Falling through the KRACKs

The big news in crypto today is the KRACK attack on WPA2 protected WiFi networks. logo-smallDiscovered by Mathy Vanhoef and Frank Piessens at KU Leuven, KRACK (Key Reinstallation Attack) leverages a vulnerability in the 802.11i four-way handshake in order to facilitate decryption and forgery attacks on encrypted WiFi traffic.

The paper is here. It’s pretty easy to read, and you should.

I don’t want to spend much time talking about KRACK itself, because the vulnerability is pretty straightforward. Instead, I want to talk about why this vulnerability continues to exist so many years after WPA was standardized. And separately, to answer a question: how did this attack slip through, despite the fact that the 802.11i handshake was formally proven secure?

A quick TL;DR on KRACK

For a detailed description of the attack, see the KRACK website or the paper itself. Here I’ll just give a brief, high level description.

The 802.11i protocol (also known as WPA2) includes two separate mechanisms to ensure the confidentiality and integrity of your data. The first is a record layer that encrypts WiFi frames, to ensure that they can’t be read or tampered with. This encryption is (generally) implemented using AES in CCM mode, although there are newer implementations that use GCM mode, and older ones that use RC4-TKIP (we’ll skip these for the moment.)

The key thing to know is that AES-CCM (and GCM, and TKIP) is a stream cipher, which means it’s vulnerable to attacks that re-use the same key and “nonce”, also known as an initialization vector. 802.11i deals with this by constructing the initialization vector using a “packet number” counter, which initializes to zero after you start a session, and always increments (up to 2^48, at which point rekeying must occur). This should prevent any nonce re-use, provided that the packet number counter can never be reset.

The second mechanism you should know about is the “four way handshake” between the AP and a client (supplicant) that’s responsible for deriving the key to be used for encryption. The particular message KRACK cares about is message #3, which causes the new key to be “installed” (and used) by the client.

I’m a four-way handshake. Client is on the left, AP is in the right. (courtesy Wikipedia, used under CC).

The key vulnerability in KRACK (no pun intended) is that the acknowledgement to message #3 can be blocked by adversarial nasty people.* When this happens, the AP re-transmits this message, which causes (the same) key to be reinstalled into the client (note: see update below*). This doesn’t seem so bad. But as a side effect of installing the key, the packet number counters all get reset to zero. (And on some implementations like Android 6, the key gets set to zero — but that’s another discussion.)
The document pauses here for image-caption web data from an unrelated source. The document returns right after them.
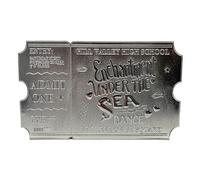 Fanattik Back to The Future-Limited Edition Silver Plated Ticket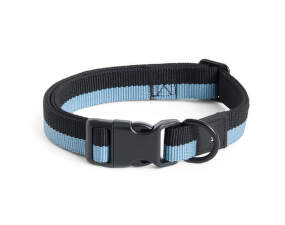 Obojek pro psa Dogs Collar Flat M/L, blue/black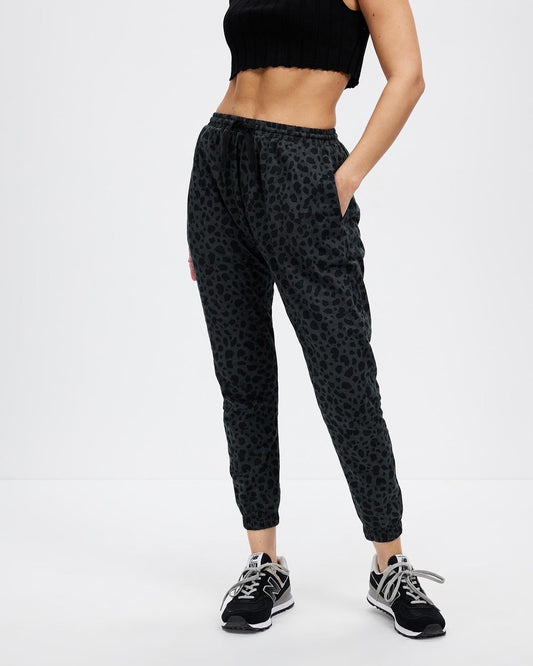 Comeback Pant | Charcoal Leopard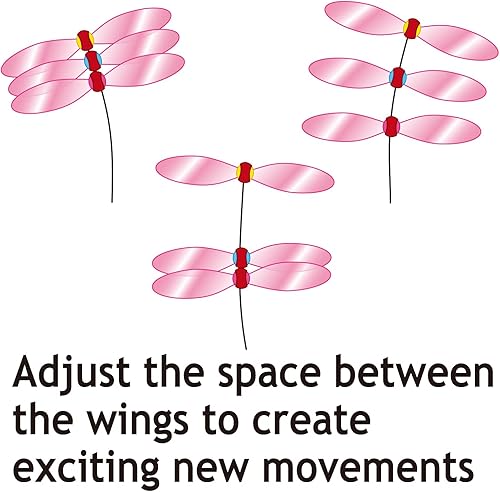 Miniatura 4 de NECOICHI Crinkly Critters Dancing Dragonfly Trio Wire Cat Wand No.1 Venta de juguete para gatos en Japón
The implication is that by forcing the AP to replay this message, an adversary can cause a connection to reset nonces and thus cause keystream re-use in the stream cipher. With a little cleverness, this can lead to full decryption of traffic streams. And that can lead to TCP hijacking attacks. (There are also direct traffic forgery attacks on GCM and TKIP, but this as far as we go for now.)

How did this get missed for so long?

If you’re looking for someone to blame, a good place to start is the IEEE. To be clear, I’m not referring to the (talented) engineers who designed 802.11i — they did a pretty good job under the circumstances. Instead, blame IEEE as an institution.
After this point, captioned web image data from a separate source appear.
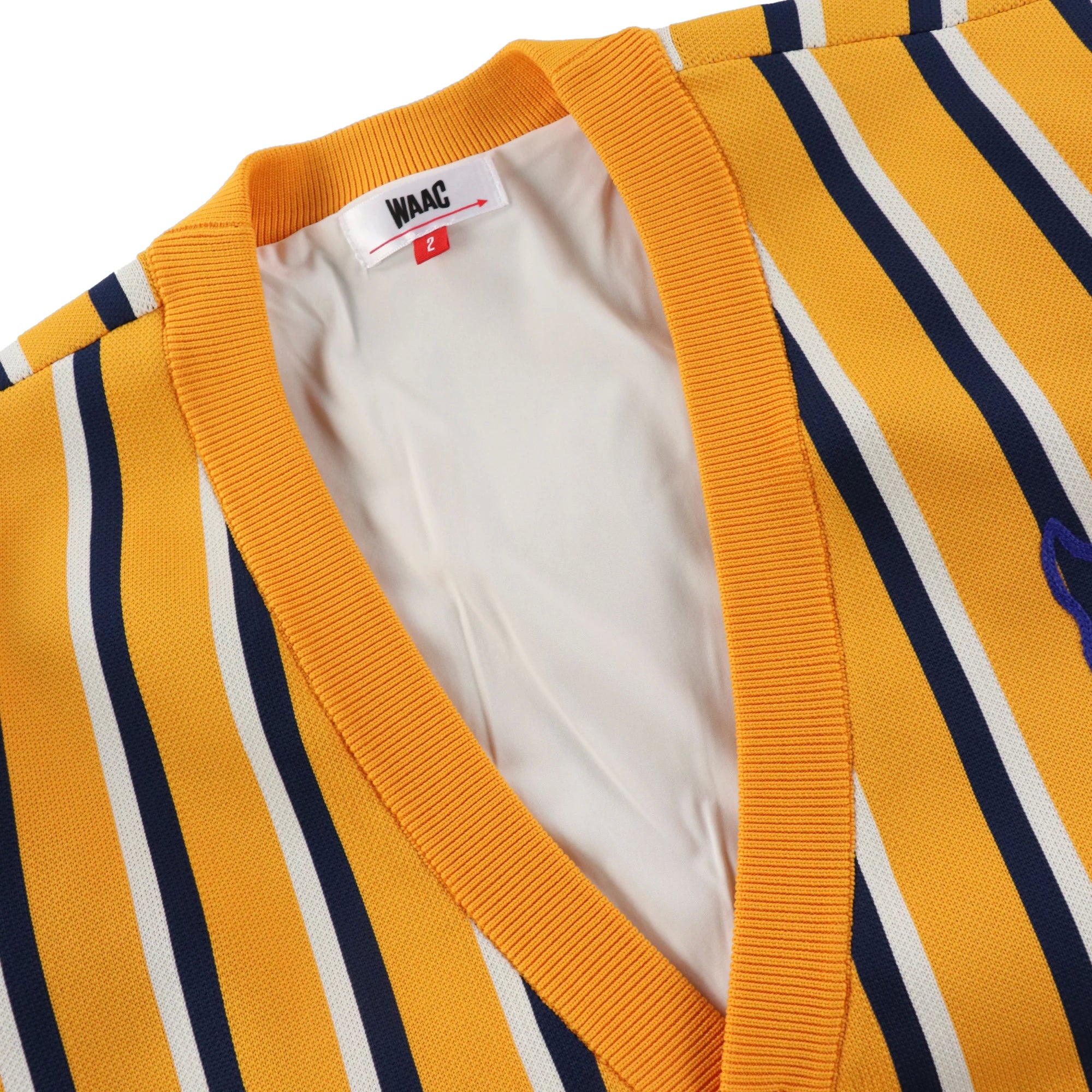 MEN 裏付マイクロスリームカーディガン マスタード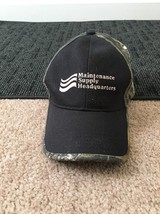 Maintenance Supply Headquarters Men&#39;s Adjustable Strap Back Cap Hat Black - $31.68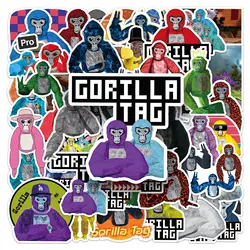 Gorilla Tag Game Waterproof Cartoon Chimpanzee Stickers - DIY Decoration for Notebooks, Mobiles, Guitars, Water Cups, and Suitcases (50PCS)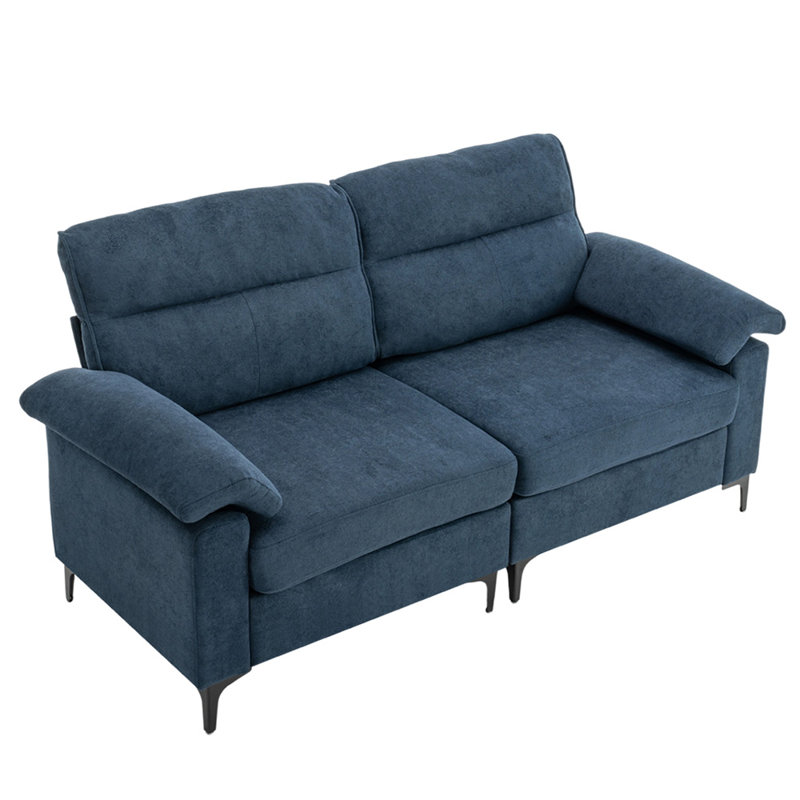 2 Seater Sofa, Blue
One of the problems with IEEE is that the standards are highly complex and get made via a closed-door process of private meetings. More importantly, even after the fact, they’re hard for ordinary security researchers to access. Go ahead and google for the IETF TLS or IPSec specifications — you’ll find detailed protocol documentation at the top of your Google results. Now go try to Google for the 802.11i standards. I wish you luck.

The IEEE has been making a few small steps to ease this problem, but they’re hyper-timid incrementalist bullshit. There’s an IEEE program called GET that allows researchers to access certain standards (including 802.11) for free, but only after they’ve been public for six months — coincidentally, about the same time it takes for vendors to bake them irrevocably into their hardware and software.
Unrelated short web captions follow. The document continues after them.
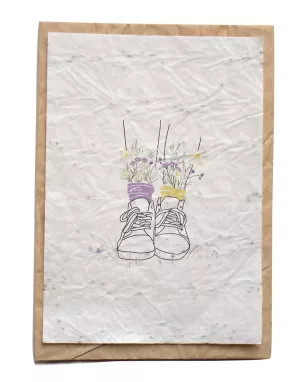 Growing paper – Carte ensemencée – My Lovely Thing – Baskets fleuries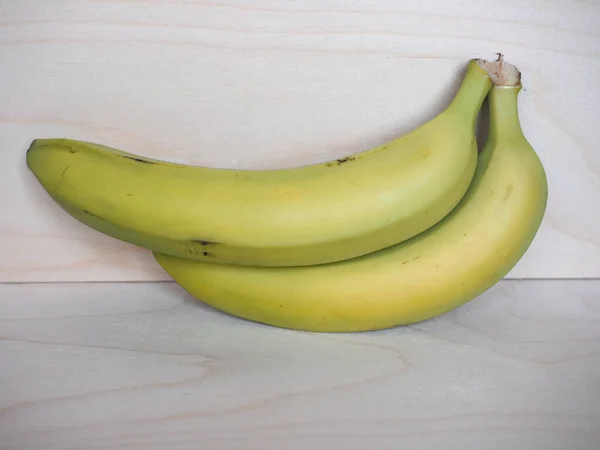 Two Yellow Bananas Musa Acuminata Balbisiana Paradisiaca Fruit Vegetarian Food — ストック写真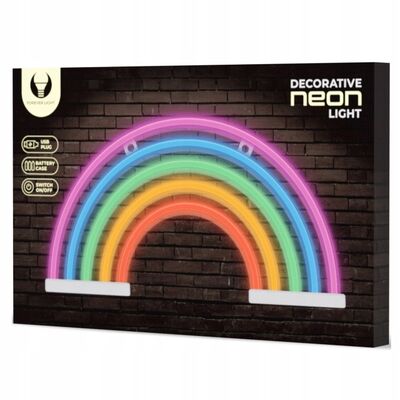 Neon LED tęcza wielokolorowy FLNE14X forever light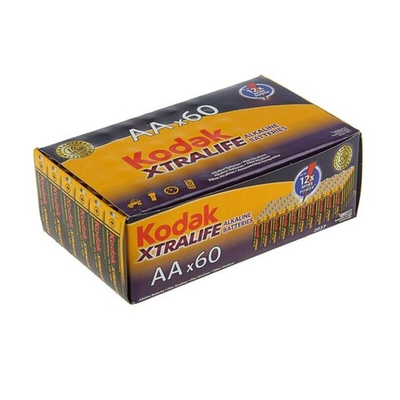 Элемент питания Kodak XTRALIFE LR6 Box60 (комплект 60 шт)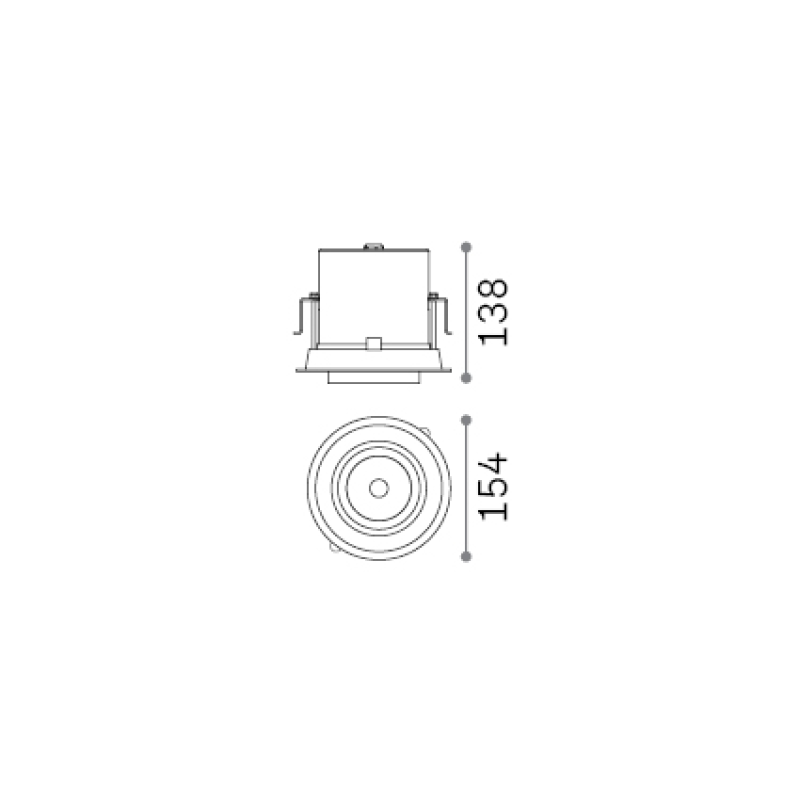 IDEAL LUX 370187 NOVA FI 20W 4000K zápustné svietidlo čierne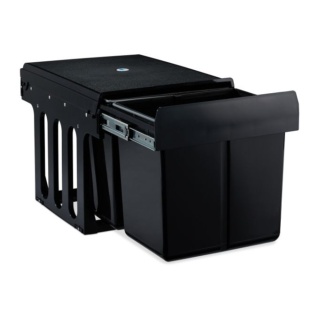 Pojemniki do segregacji Relaxdays 30 l 2 -komorowy, kosz na śmieci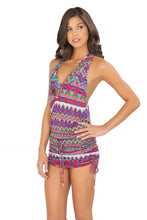 BESOS DE SAL - T Back Mini Dress • Multicolor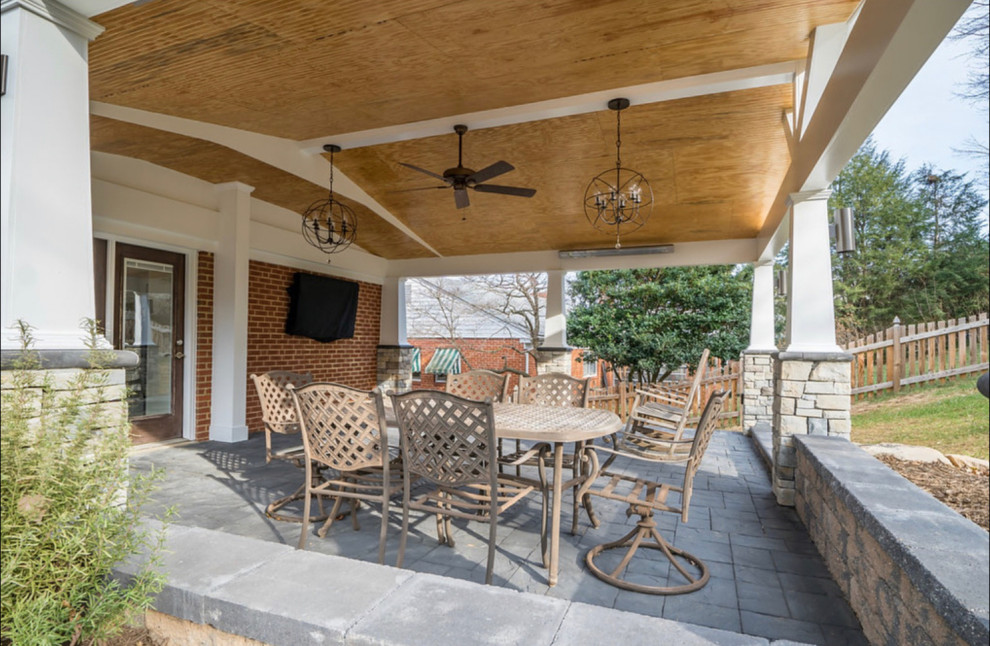 Arlington Paver Patio & Low Maintenance Pavilion Entertaining Area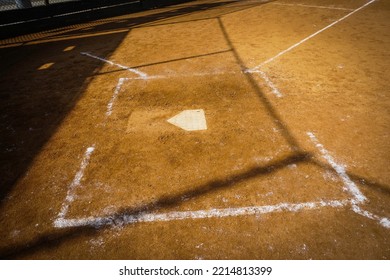 Baseball Field Dirt Infield With Home Plate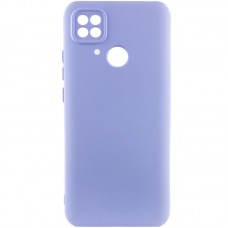 Чохол Silicone Cover Lakshmi Full Camera (AAA) для Xiaomi Redmi 10C  Бузковий / Dasheen - 00000067006_11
This whole process is dumb and — in this specific case — probably just cost industry tens of millions of dollars. It should stop.

The second problem is that the IEEE standards are poorly specified. As the KRACK paper points out, there is no formal description of the 802.11i handshake state machine. This means that implementers have to implement their code using scraps of pseudocode scattered around the standards document. It happens that this pseudocode leads to the broken implementation that enables KRACK. So that’s bad too.

And of course, the final problem is implementers. One of the truly terrible things about KRACK is that implementers of the WPA supplicant (particularly on Linux) managed to somehow make Lemon Pledge out of lemons. On Android 6 in particular, replaying message #3 actually sets an all-zero key. There’s an internal logic behind why this happens, but Oy Vey. Someone actually needs to look at this stuff.

What about the security proof?

The fascinating thing about the 802.11i handshake is that despite all of the roadblocks IEEE has thrown in people’s way, it (the handshake, at least) has been formally analyzed. At least, for some definition of the term.

(This isn’t me throwing shade — it’s a factual statement. In formal analysis, definitions really, really matter!)

A paper by He, Sundararajan, Datta, Derek and Mitchell (from 2005!) looked at the 802.11i handshake and tried to determine its security properties. What they determined is that yes, indeed, it did produce a secret and strong key, even when an attacker could tamper with and replay messages (under various assumptions). This is good, important work. The proof is hard to understand, but this is par for the course. It seems to be correct.

Representation of the 4-way handshake from the paper by He et al. Yes, I know you’re like “what?“. But that’s why people who do formal verification of protocols don’t have many friends.

Even better, there are other security proofs showing that — provided the nonces are never repeated — encryption modes like CCM and GCM are highly secure. This means that given a secure key, it should be possible to encrypt safely.

So what went wrong?

The critical problem is that while people looked closely at the two components — handshake and encryption protocol — in isolation, apparently nobody looked closely at the two components as they were connected together. I’m pretty sure there’s an entire geek meme about this.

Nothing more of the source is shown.